İnsanın, yaşadığı topluma ve tüm insanlığa bilgi ve davranış olarak katkıda bulunabilmesi için okuması, düşünmesi ve fikir alışverişinde bulunması gerekir.

Amerikalı devlet adamı Benjamin Franklin’e göre, “Bir ülkede okumaya karşı istek artmadıkça, gaflet ve bu gafletten doğacak felaket azalmaz.”

İstatistiki verilere göre Batılı bir insanın ihtiyaç listesinde kitap 18. sırayı alırken, Türk insanının ihtiyaç listesinde maalesef 224. sırada yer almaktadır.

Peki, niçin bazı insanlar veya bazı milletler çok okuyor da, diğerleri okumuyor? Bu sorunun pek çok cevabı olabilir. Ancak söylenebilecek bütün cevapların kaynağı, insan olarak sizin veya toplum olarak herkesin geleceğe yönelik bir derdinin olup olmadığıdır.

Ecdadımız, kültür ve medeniyetini kütüphaneler dolusu eserleriyle tüm dünyaya taşımış; ilim, irfan, kültür ve medeniyette tarihe tanıklık ederek insanlığa örnek olmuştur.
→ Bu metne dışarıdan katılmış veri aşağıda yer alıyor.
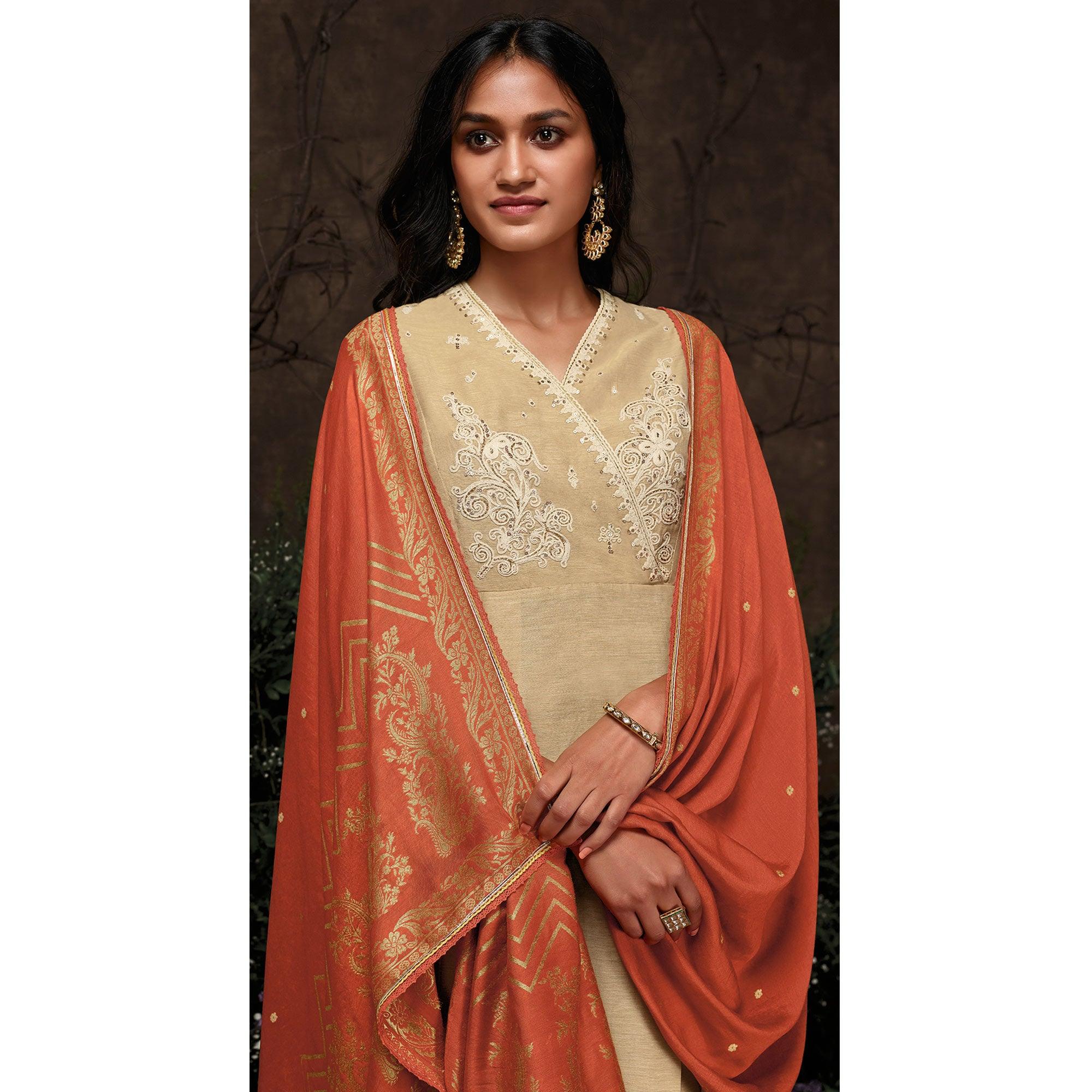 Peachmode Seller Marvellous Beige Colored Partywear Embroidered Silk Kurti-Palazzo Set With Banarasi Dupatta - view 2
Ülkemizdeki kitap okuma oranlarının son derece yetersiz olması, başta aydınlarımız ve yöneticilerimiz olmak üzere, okuma-yazma bilen herkesi düşündürmelidir.

SÖZÜN ÖZÜ

Diken ekersen nasıl gül biçersin?

Toprak olmayınca nar çiçeği nasıl meyve verebilir?

Senin işlerin birer tohum, cihan bir değirmendir. 

Değirmene kerpiç götürürsen toprak getirirsin.